= Beginning of Section =

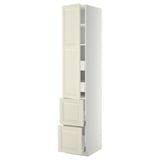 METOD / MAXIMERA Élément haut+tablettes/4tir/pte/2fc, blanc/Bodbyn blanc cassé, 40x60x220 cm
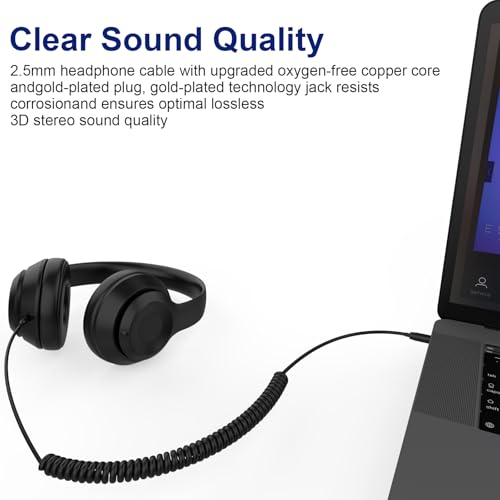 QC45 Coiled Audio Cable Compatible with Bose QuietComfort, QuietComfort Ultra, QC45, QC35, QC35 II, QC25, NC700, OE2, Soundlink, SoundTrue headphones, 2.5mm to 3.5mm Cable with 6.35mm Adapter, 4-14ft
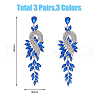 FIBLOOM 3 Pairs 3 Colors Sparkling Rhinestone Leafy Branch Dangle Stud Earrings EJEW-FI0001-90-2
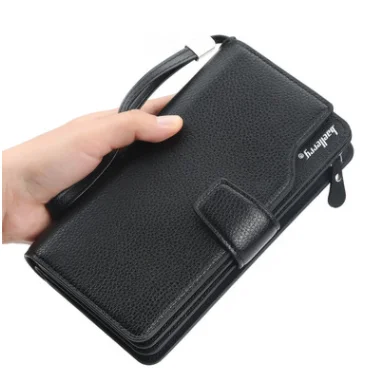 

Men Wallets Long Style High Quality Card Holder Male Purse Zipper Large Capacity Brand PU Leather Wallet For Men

= End of Section =

Where the line with "QC45 Coiled Audio" appears, begin there and transcribe exactly through the last line of the data, leaving all pictures aside.

 QC45 Coiled Audio Cable Compatible with Bose QuietComfort, QuietComfort Ultra, QC45, QC35, QC35 II, QC25, NC700, OE2, Soundlink, SoundTrue headphones, 2.5mm to 3.5mm Cable with 6.35mm Adapter, 4-14ft
 FIBLOOM 3 Pairs 3 Colors Sparkling Rhinestone Leafy Branch Dangle Stud Earrings EJEW-FI0001-90-2

Men Wallets Long Style High Quality Card Holder Male Purse Zipper Large Capacity Brand PU Leather Wallet For Men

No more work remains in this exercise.